Include these points: [POINT 1], [POINT 2].
Maximum length: [NUMBER] lines. Answer in Italian.
  1. Use obvious placeholders. Square brackets with the text in capitals ([RECIPIENT]) stand out at a glance: no risk of leaving one unfilled.
  2. Add the instructions you always forget. Put in the template the constraints you usually forget: "don't invent data", "answer in Italian", "ask me for what's missing". This way they apply every time without rewriting them.
  3. Give each template a name and collect them. "Client email", "Meeting summary", "Social post": a clear title to find them again. Keep them in a single file divided into sections.

A concrete example

You manage the replies to a shop's reviews. Every time you rewrote the prompt from scratch, with different results. You create a single template: "Act as the shop owner. Reply to this review: [REVIEW TEXT]. Rating: [NUMBER OF STARS]. Acknowledge the specific point, thank, no clichés, maximum five lines, warm and professional tone." From then on you paste the review into the placeholder and get replies that are consistent with each other, in the same style, in a few seconds. When you find a better wording, you correct it in the template once and it applies to all future replies. The work done once works for you every day.

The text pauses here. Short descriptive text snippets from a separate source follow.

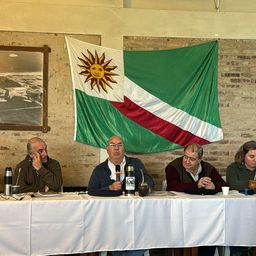 Orsi participará en el Congreso de la Federación Rural, esta vez con sede en San José, tras la edición de 2024 que se hizo en Treinta y Tres.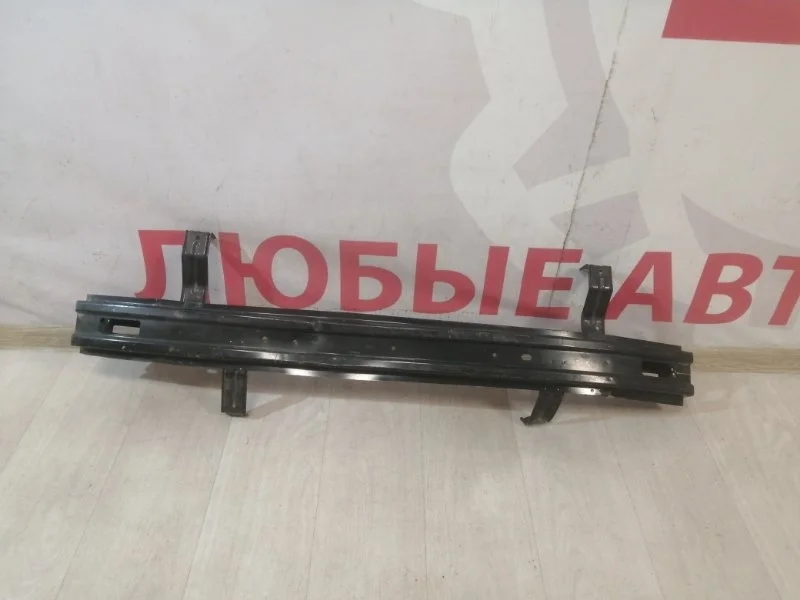 Усилитель бампера задний Kia Rio 3 QB 2011-2017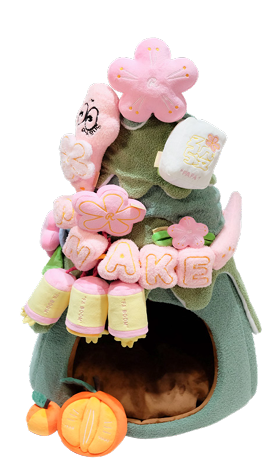 Raisingwell - New Year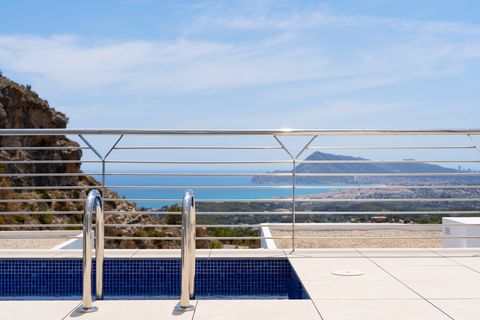 Villa i Altea, Alicante, Altea - € 2.146.000 | Ref: FALC-MaWa-80006 - foto 13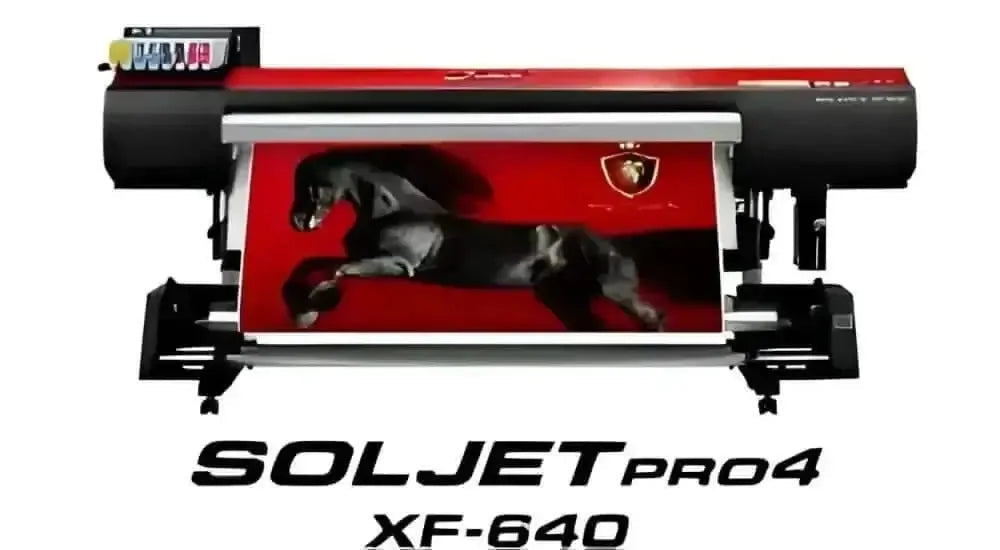 Roland XF 640 Service Manual - PRINTHOLIX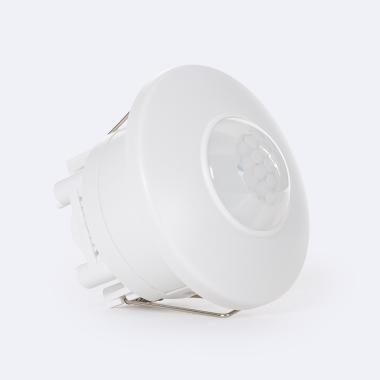 Image of PIR Motion Sensor 360º Downlight/Surface Design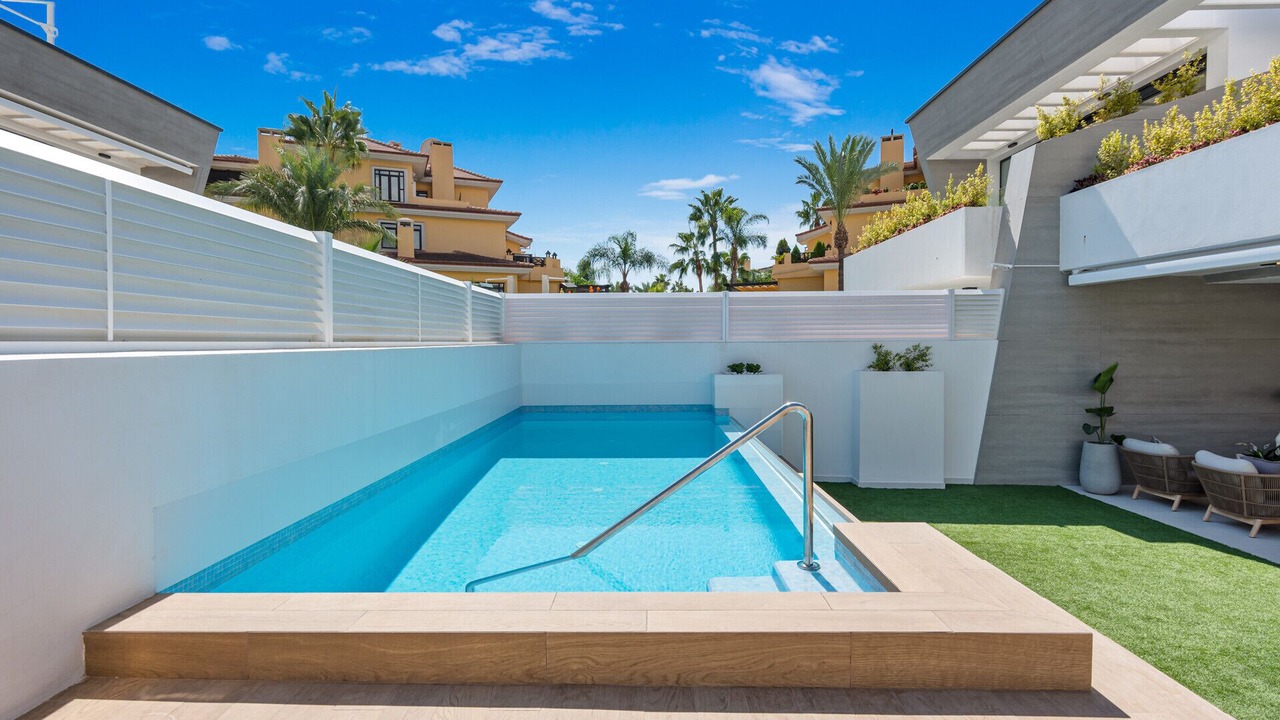 Photo of Outdoor in Puerto Banus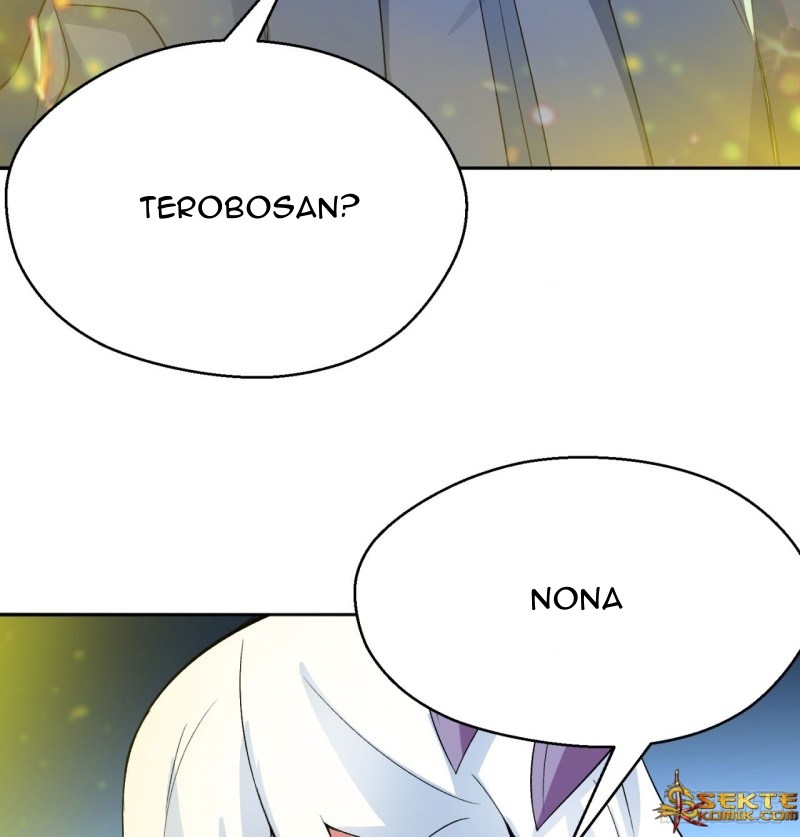 I Picked Up An Attributes Chapter 28 Gambar 42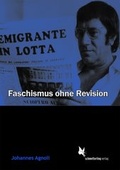 Cover: Faschismus ohne Revision - Schmetterling Stuttgart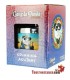 Cenicero push PANDA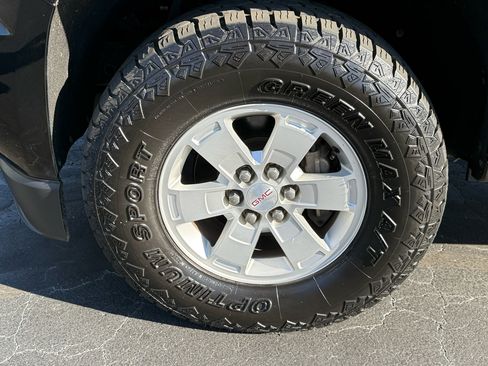 Used 2016 GMC Canyon W/T w/ Convenience Package image 19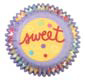 Baking Cups Mini- Sweet Dots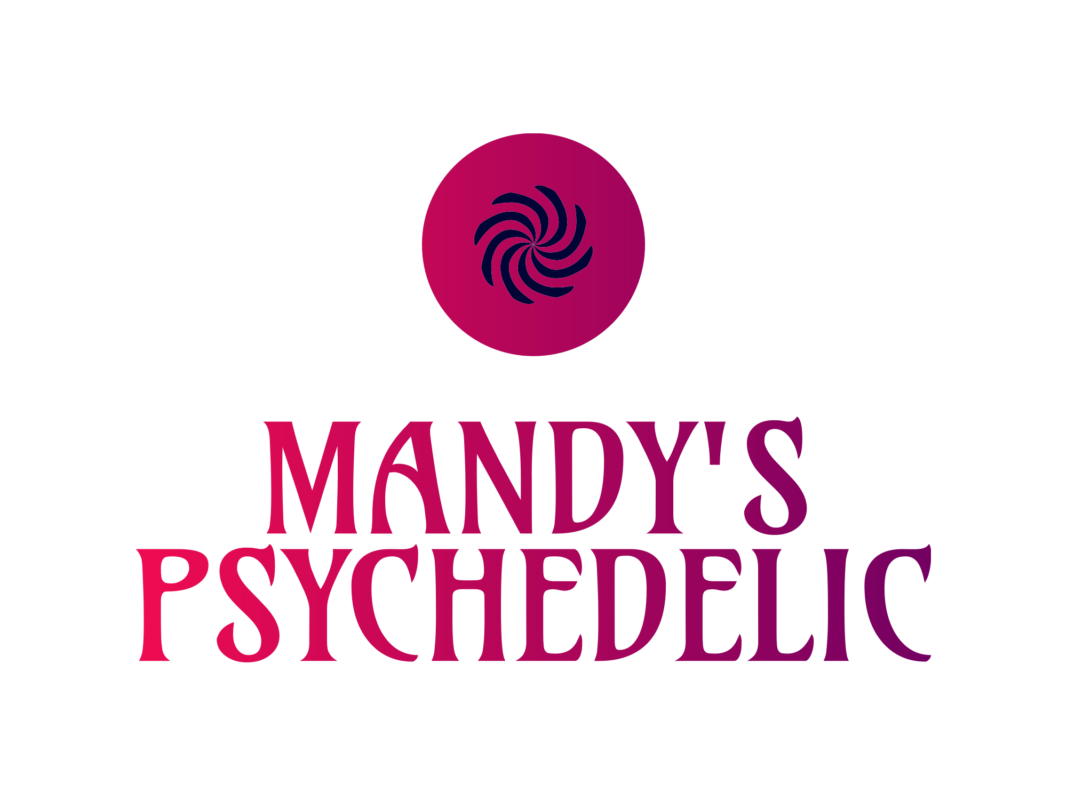 Mandy's Psychedelic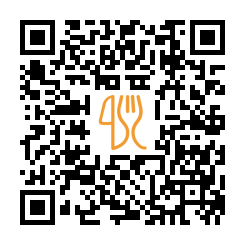 QR-code link către meniul B Burger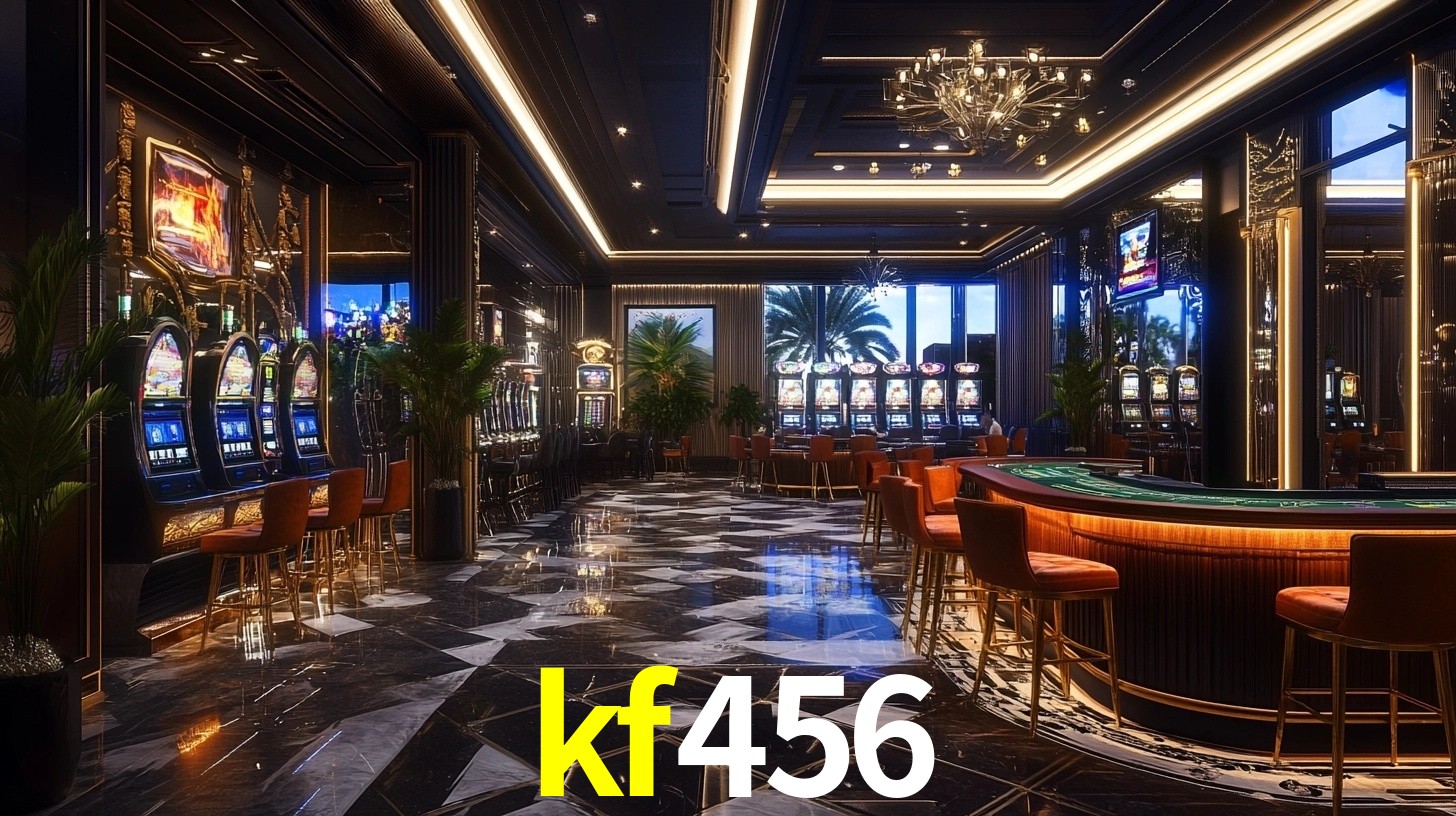 Ofertas Imperdíveis na kf456: Promoções e Bônus Que Valem a Pena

When it does NOT work (and how to fix it)

If the template gives flat results on particular cases

A template covers the typical case, not every exception. Fix: keep it as a base and add the specific instruction by hand when the case requires it ("...this review, however, alleges a serious hygiene problem: take it seriously and don't downplay it").

If you end up with dozens of templates and can't find the right one

The library grows and becomes chaotic. Fix: group them by area (work, social, study), put the three you use most at the top, and delete the ones you haven't opened in months. A small, curated set beats a bloated archive.

If the same template works well on one tool and badly on another

AI models react a little differently to instructions. Fix: keep the template generic and, if you change tools, run a test and tweak the constraints that aren't respected, instead of taking for granted that it works identically everywhere.

A tip from someone who really uses it

The value isn't in the perfect template written at a desk, but in improving it with each use. When a saved prompt gives you a slightly wrong result, don't just fix that answer: correct the template. After a month of small corrections you'll have a handful of sharp prompts that produce what you want on the first try. It's an investment that pays for itself, one placeholder substitution at a time.

Frequently asked questions

Where is it best to save my prompts?

For maximum freedom, a text file or a notes app that you open anywhere: you don't depend on a platform. For convenience, the saved-prompts features or the personal instructions of the tool you use most. Many keep both: the file as the main archive, the personal instructions for the two or three daily roles.

How many placeholders should I put?

Only the ones that really change every time. Too many placeholders make the template tiring to fill in and remove the speed advantage. If a value is almost always the same, write it fixed in the template and change it by hand in the rare different cases.

Does always using the same templates flatten the results?

That's the risk only if you never update them. A static template produces repetitive results; a template you correct when it goes wrong improves over time. And nothing stops you from starting from the template and then adding the case-specific touch by hand: the template is a springboard, not a cage.